The Washington city of Seattle has been in a state of emergency with homelessness for almost three years, with the crisis showing no signs of easing. The numbers are rising year on year; in January 2018 there were more than 12,000 residents of the Seattle King County area officially homeless.
While these homeless residents continue to fight for survival in a city home to one of the world’s largest and richest technology companies, the last twelve months have brought a new threat as local residents turn to an unexpected method of dealing with the crisis.
This week US publication The Atlantic reported that the city’s Find It, Fix It mobile app, which started out life as a means for residents to report civic issues to city authorities such as potholes and traffic light problems, is now being used en masse to report homeless people to local authorities by residents.

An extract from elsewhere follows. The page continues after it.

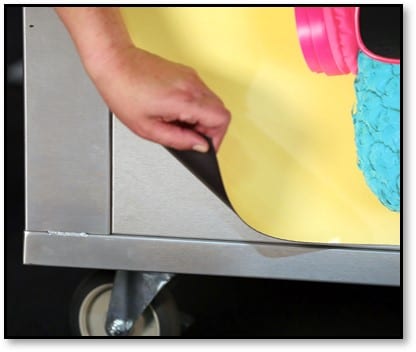 Peeling back the magnetic graphics on the QS line.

According to The Atlantic, the app is now the primary source of complaints when it comes to the public flagging up unauthorised encampments of homeless people in the area, with a total number of complaints hitting 12,500 in 2017.

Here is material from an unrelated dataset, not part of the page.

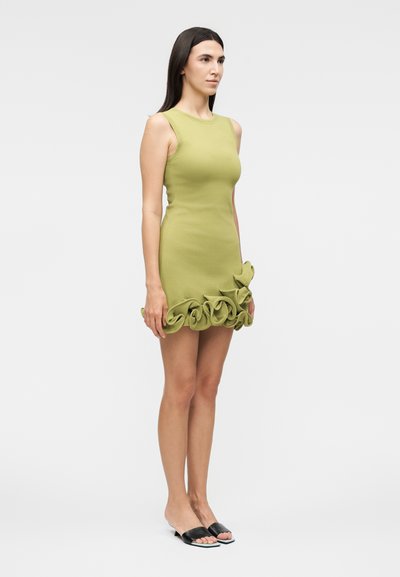 Γυναίκα στέκεται, φοράει αμάνικο ανοιχτό πράσινο φόρεμα με βολάν στο τελείωμα και μαύρα ανοιχτά, επίπεδα παπούτσια σε απλό φόντο.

“The authorities also appear to be committed to spreading word about the Find It, Fix It app as a homelessness-prevention tool,” writes The Atlantic. “Tiffani McCoy, an advocacy organizer at [street paper] Real Change, recalls an instance when two Seattle police officers came to her office after several Find It, Fix It users had reported homeless individuals sleeping outside. After telling the officer that her organization gave the homeless permission to be on their front steps, the officers tried to teach Tiffani and her staff of homelessness-advocacy journalists and organizers how to use the app in case they changed their minds.”
The app’s morphed use feels incongruous with its geography. Seattle, home to Amazon.com, could be a beacon for tech for good. But like its innovation co-host further south, Silicon Valley, homelessness persists as an issue seemingly incompatible with future cities.

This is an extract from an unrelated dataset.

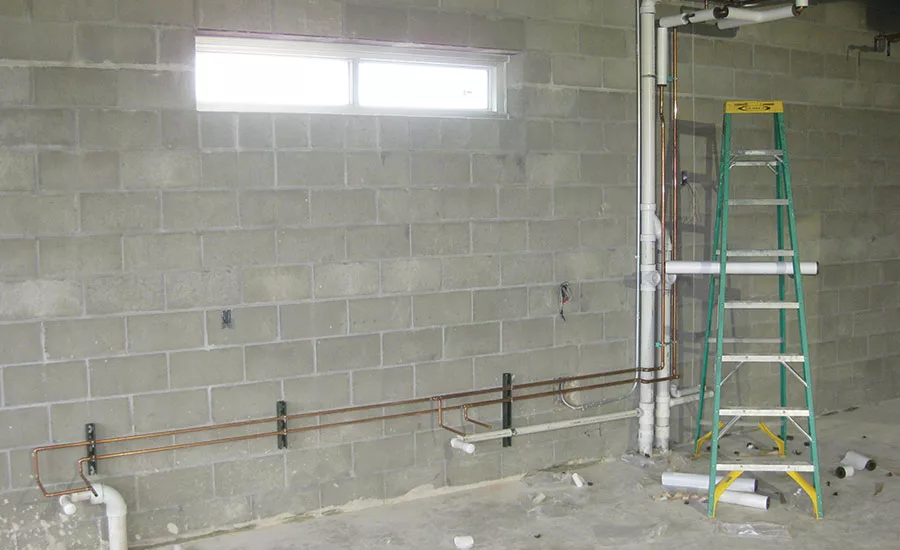 Plumbing piping rough-in for science lab casework with vents combined above the flood rim level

The Atlantic notes that the app’s ease-of-use, coupled with its anonymity, makes it an appealing method by which residents can alert authorities to homeless camps. But with its open and unashamed support from neighbourhood business groups, a creeping and insidious middle-class outrage is anything but anonymous.
Homelessness, especially in cities such as Seattle and San Francisco – multi-billion dollar hubs of social and technological innovation – isn’t an issue for technology to exclusively fix. But technology does have its place, we need only to look to charity Streetlink’s deployment of an app in the UK to help those in need.
As the author of the article Dae Shik Kim Hawkins, notes: “It’s ironic that a part of that process is being facilitated by an app called Find It, Fix It. If anything needs to be fixed here, it’s the fact that a city with so many resources is not using its financial might and technological prestige to help the vulnerable few.”